Have you ever heard of winemaking with grape stalks? Conversely, have you ever wondered why the destemming is the prevalent practice in the cellars? However, the “stem or not stem” diatribe is most likely as old as wine (or nearly so).

The grapes are usually destemmed and then pressed before the vinification. In fact, we speak of destemmer-crushing machines (be careful not to invert the sequence!). The stem vinification, on the other hand, consists in the vinification of the whole bunch, without destemming. The buch is lightly or not at all pressed. Another system provides that the grapes are first de-stemmed and crushed, then some stalks are added to the fermentation tanks. What is the best choice? Or rather, what are the advantages and disadvantages of these two practices?

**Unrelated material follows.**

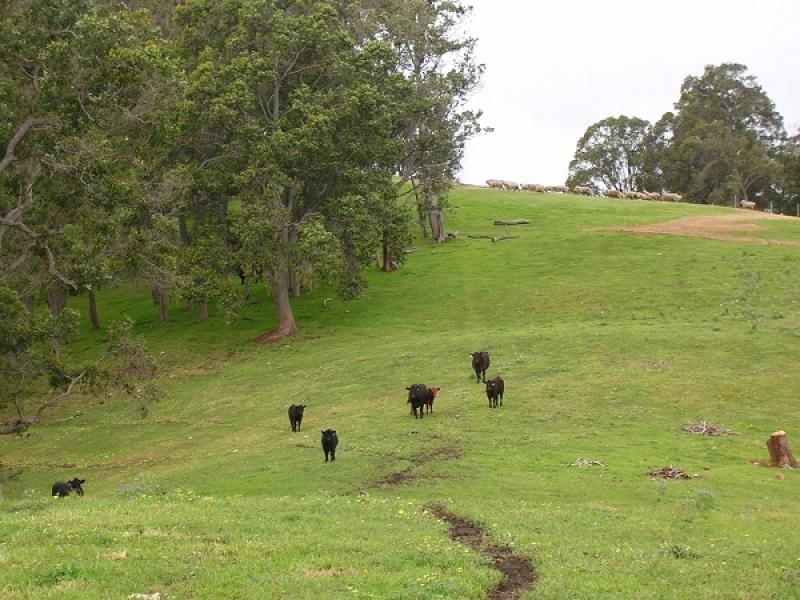 Lot 1 South Branch Road, Thomson Brook WA 6239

Inevitably, by soaking in the must/wine, the stalks interact with it. They can release substances they contain or, conversely, absorb others. What is the stem composition? Try sucking on a piece and you will easily taste that it is tannic, slightly acidic and has a herbaceous aroma. The stalk contains water and various substances including some organic acids (tartaric and, above all, racemic), many tannins, etc. The acid component decreases with the lignification (it occurs in the last part of their seasonal cycle).

In wine history, both cases of winemaking can be found. Often, the choice was the result of chance, of the local tradition, or a consequence of the pressing techniques used. However, there was already a reflection on which system was better. In fact, if we read the viticultural treatises of all eras, from the Roman author Columella to the present day, the most common opinion was that vinification without stalks was better for obtaining fine and elegant wines, due to the bitter and herbaceous tastes brought from the stems. The stem fermentation was instead considered useful for wines from young vineyards or to improve those that were poor, in any case for wines with lower quality claims. We will see the reason for these statements. Today, we also have the data of numerous scientific researches that have compared winemaking with stems to that without.

So, let’s try to understand what are the general advantages and disadvantages of vinification with stems compared to that without. Here is a brief summary of the state of the art. Let’s start with the secondary effects, to get to the most important ones. The analytical data that I report are taken from the article by M. Blackford et al., “A Review on Stems Composition and Their Impact on Wine Quality”. , Molecules. 2021 Mar; 26 (5): 1240.

Does it improve the fermentation?

A first positive effect often mentioned in stem vinification is that there is a better fermentation. From the tests carried out, it is in fact possible to verify a slightly more favorable general trend. It is thought that this effect may be due to the additional amount of yeast that the stalks carry on their surface, as well as the ability to trap an amount of air between their roughnesses which favors the vitality of the microorganisms. Furthermore, the mass of the stalks seems to limit a little the temperature changes during fermentation, which favors the survival of the fermenting yeasts.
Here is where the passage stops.